A wealthy woman is poisoned at an English country manor and the world of detective fiction is changed forever. With The Mysterious Affair at Styles, Agatha Christie launched herself, and her beloved Belgian detective Hercule Poirot, into popular culture history.
When Captain Arthur Hastings runs into an old friend, John Cavendish, and is invited to the family estate at Styles, he has a "premonition of approaching evil." Outside, the Great War is still raging, and England is in upheaval. Cavendish's widowed stepmother has brought the turmoil home by marrying a sinister-looking younger man, and when she is killed, presumably poisoned with strychnine, he becomes the first and most obvious suspect. But other family members may also have had motives for murder. Luckily, one of the Belgian refugees from the German occupation staying at Styles is a retired police detective: Hercule Poirot is on the case.

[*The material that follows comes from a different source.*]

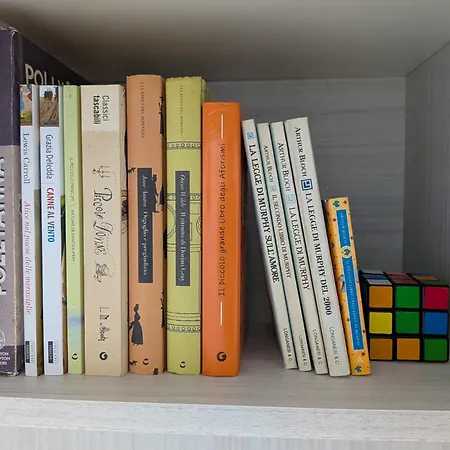 Hébergement de vacances La Casa Di Tommy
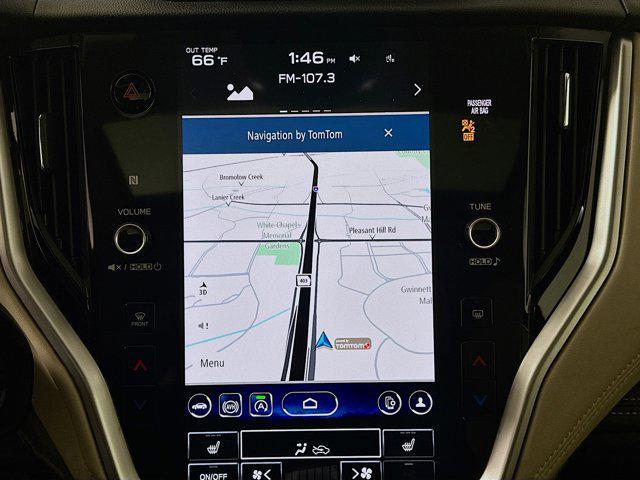 used 2023 Subaru Outback car, priced at $24,487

'Almost too ingenious ! very clearly and brightly told.' Times Literary Supplement
'Very well contrived.' Sunday Times
'Altogether a skilful tale and a talented first book.' Daily News
'The most ingenious and absorbingly interesting tale of sensations and mystery we have read for a long time.' Bookman
'Well written, well proportioned, and full of surprises. Lovers of good stories will, without exception, rejoice in this book.' The British Weekly
Author
About Agatha Christie
Agatha Christie was born in Torquay in 1890 and became, quite simply, the best-selling novelist in history. Her first novel, The Mysterious Affair at Styles, written towards the end of the First World War, introduced us to Hercule Poirot, who was to become the most popular detective in crime fiction since Sherlock Holmes. She is known throughout the world as the Queen of Crime. Her books have sold over a billion copies in the English language and another billion in 44 foreign languages. She is the author of 80 crime novels and short story collections, 19 plays, and six novels under the name of Mary Westmacott and saw her work translated into more languages than Shakespeare. Her enduring success, enhanced by many film and TV adaptations, is a tribute to the timeless appeal of her characters and the unequalled ingenuity of the plots.